* **WHAT YOU WILL DO**: Output all of the records word for word and drop the images.
————
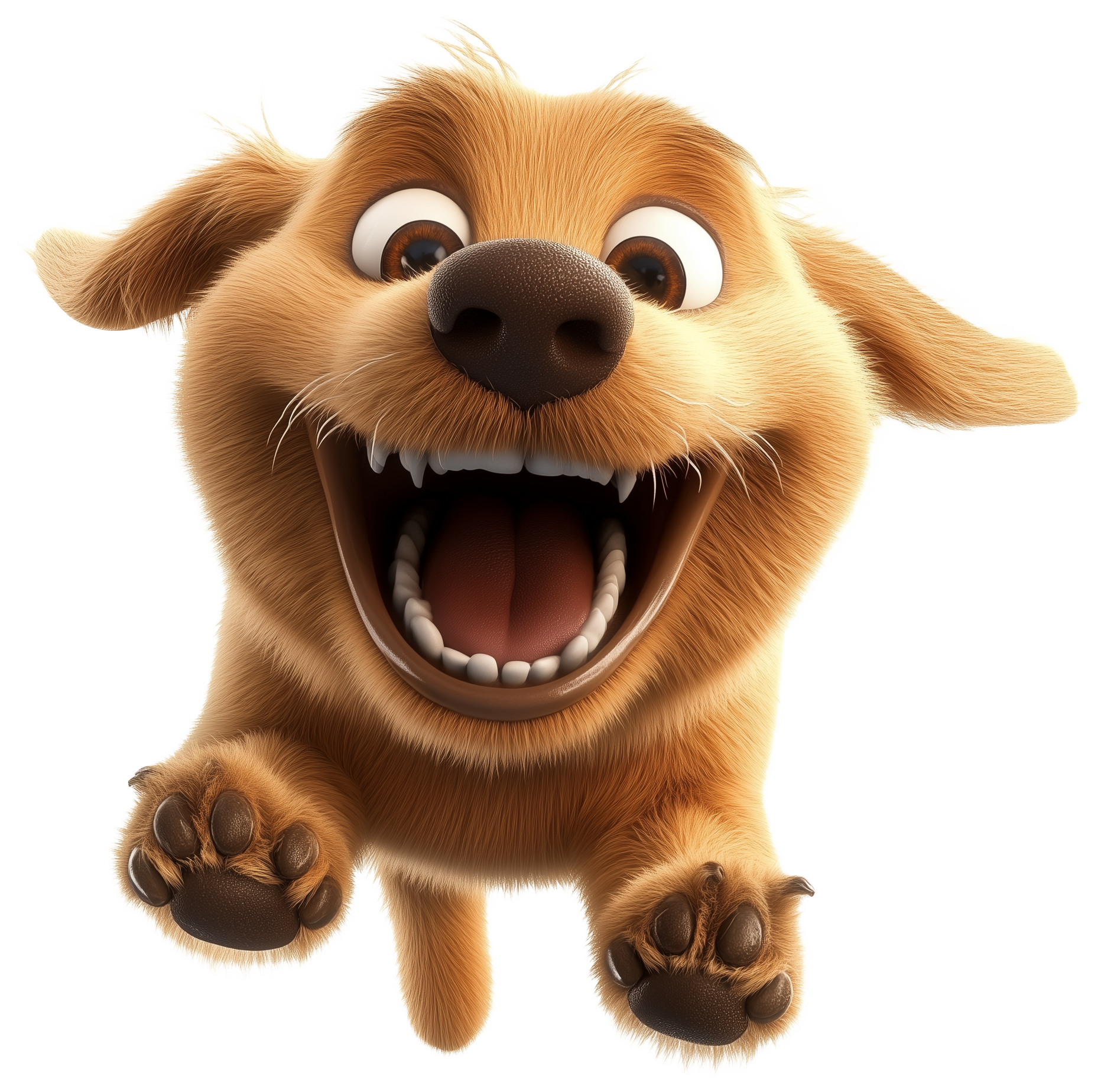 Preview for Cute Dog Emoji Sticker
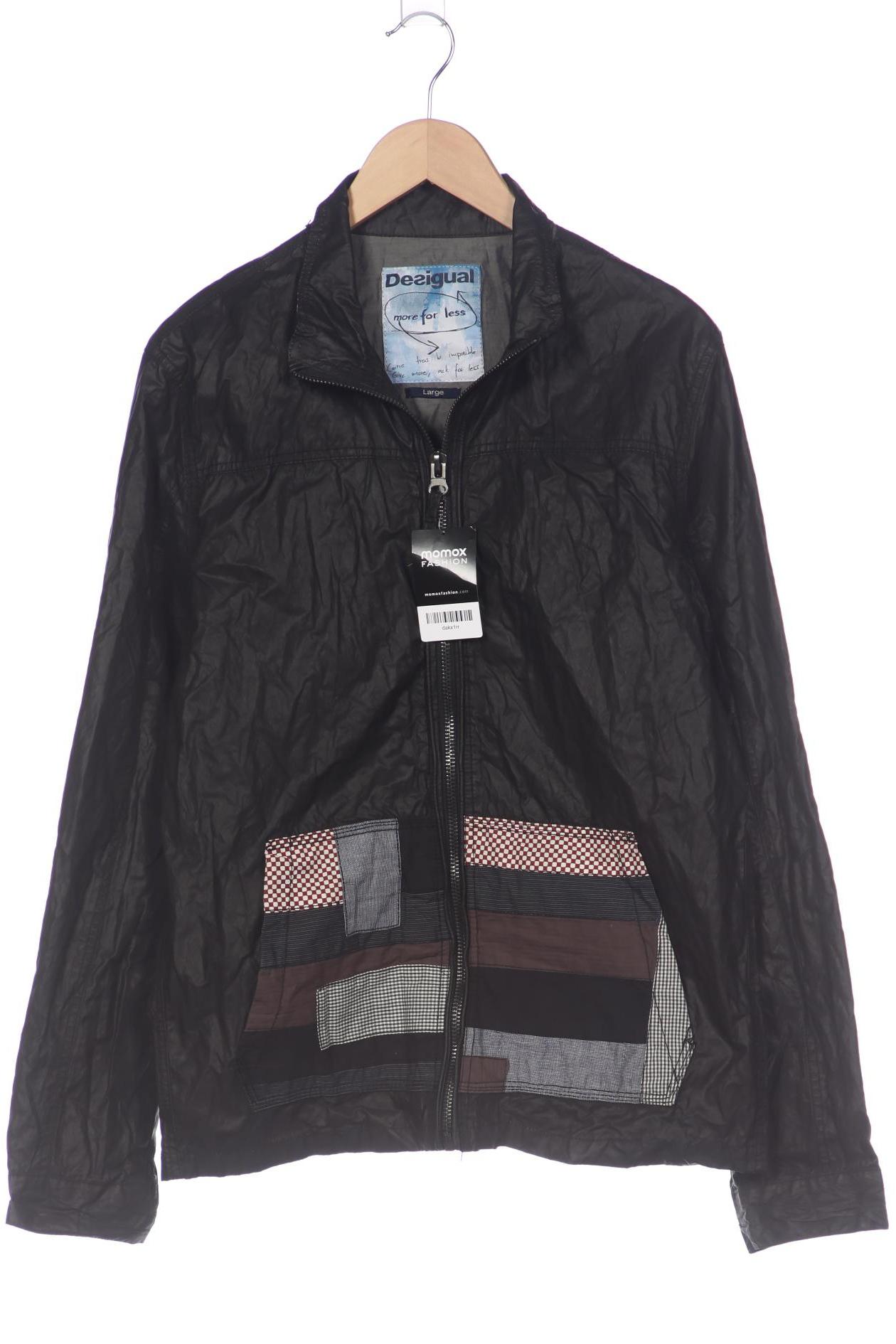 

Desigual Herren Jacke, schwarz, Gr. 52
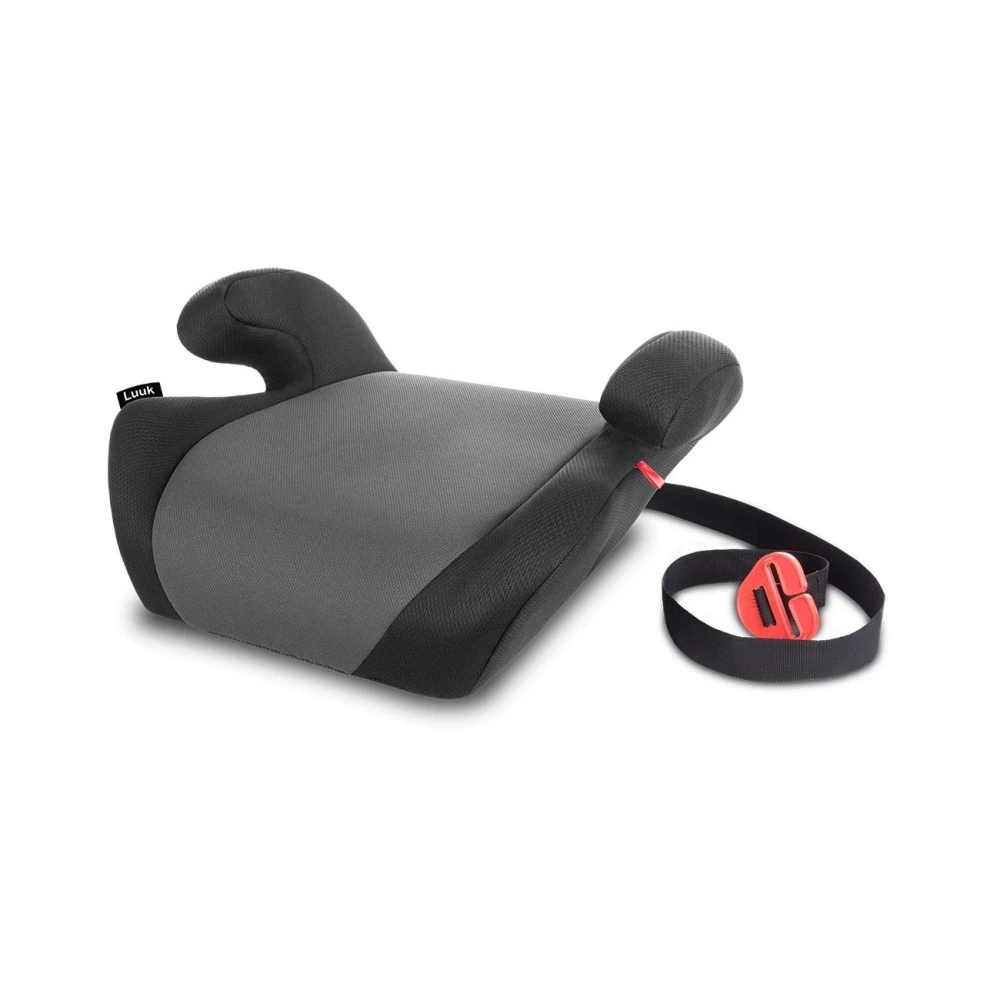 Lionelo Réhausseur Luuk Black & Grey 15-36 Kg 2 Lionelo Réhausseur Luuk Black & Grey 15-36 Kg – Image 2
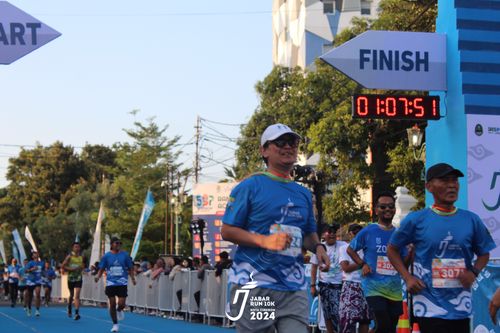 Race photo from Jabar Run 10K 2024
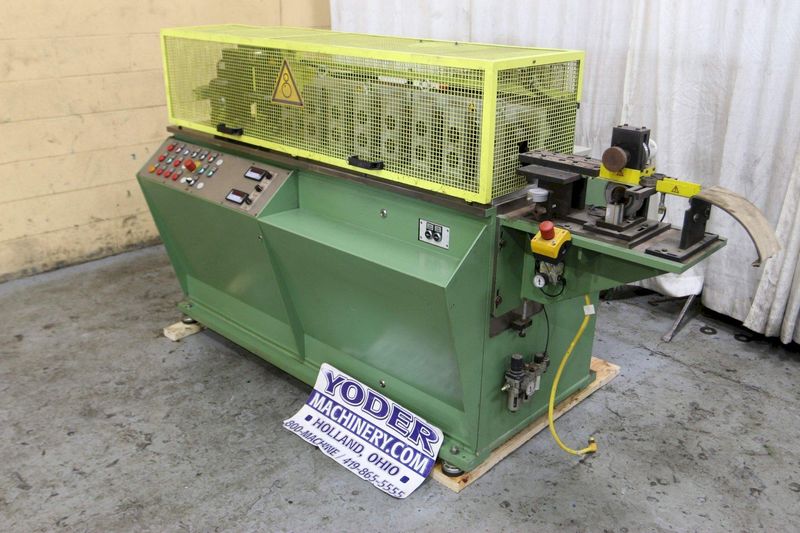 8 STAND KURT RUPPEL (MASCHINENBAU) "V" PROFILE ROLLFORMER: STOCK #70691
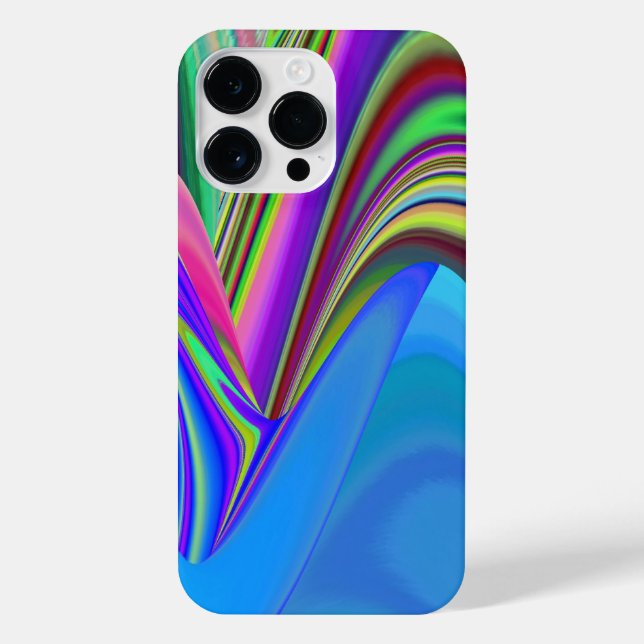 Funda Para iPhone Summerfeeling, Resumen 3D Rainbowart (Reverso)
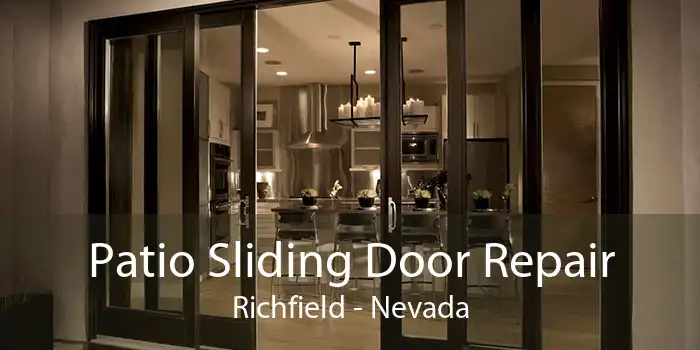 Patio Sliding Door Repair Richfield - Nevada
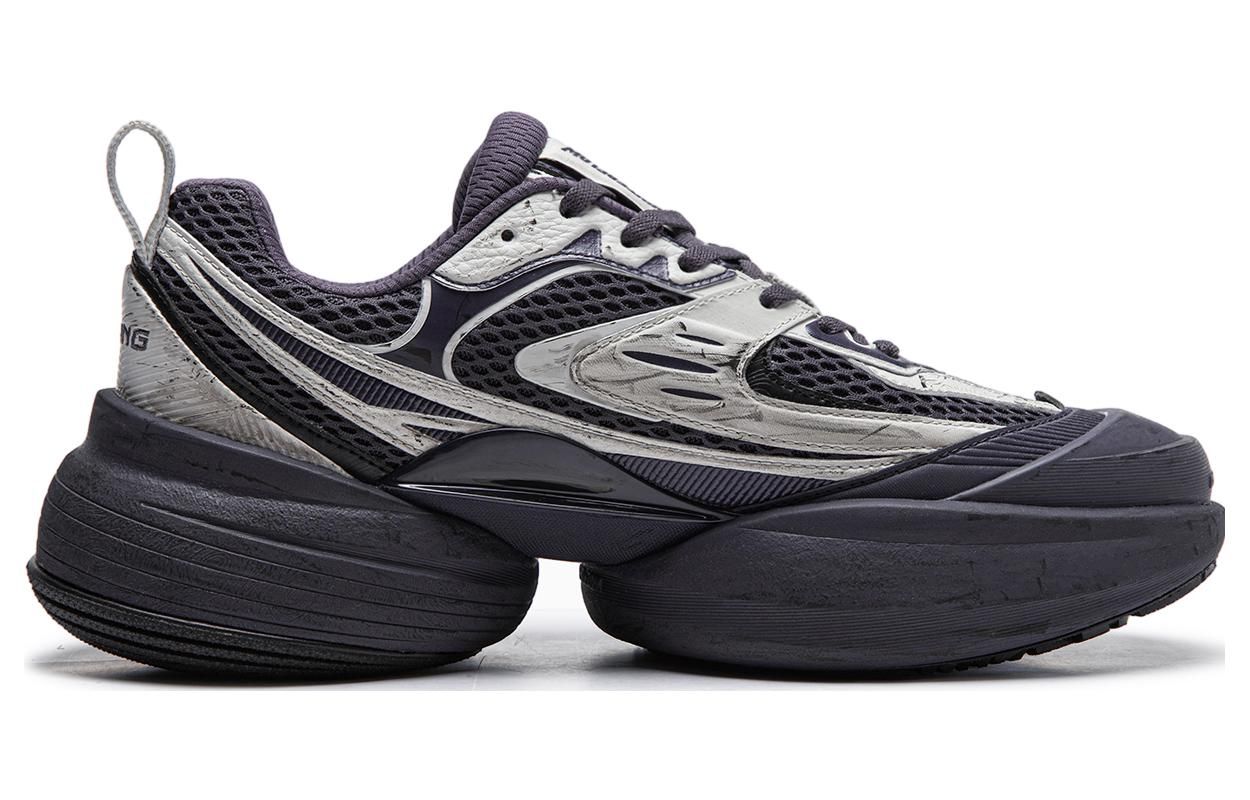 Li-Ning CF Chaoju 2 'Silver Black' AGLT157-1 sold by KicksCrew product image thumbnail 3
————
* **FINISHED TASK**:
 Preview for Cute Dog Emoji Sticker

Desigual Herren Jacke, schwarz, Gr. 52
 Lionelo Réhausseur Luuk Black & Grey 15-36 Kg 2 Lionelo Réhausseur Luuk Black & Grey 15-36 Kg – Image 2
 Race photo from Jabar Run 10K 2024
 8 STAND KURT RUPPEL (MASCHINENBAU) "V" PROFILE ROLLFORMER: STOCK #70691
 Funda Para iPhone Summerfeeling, Resumen 3D Rainbowart (Reverso)
 Patio Sliding Door Repair Richfield - Nevada
 Li-Ning CF Chaoju 2 'Silver Black' AGLT157-1 sold by KicksCrew product image thumbnail 3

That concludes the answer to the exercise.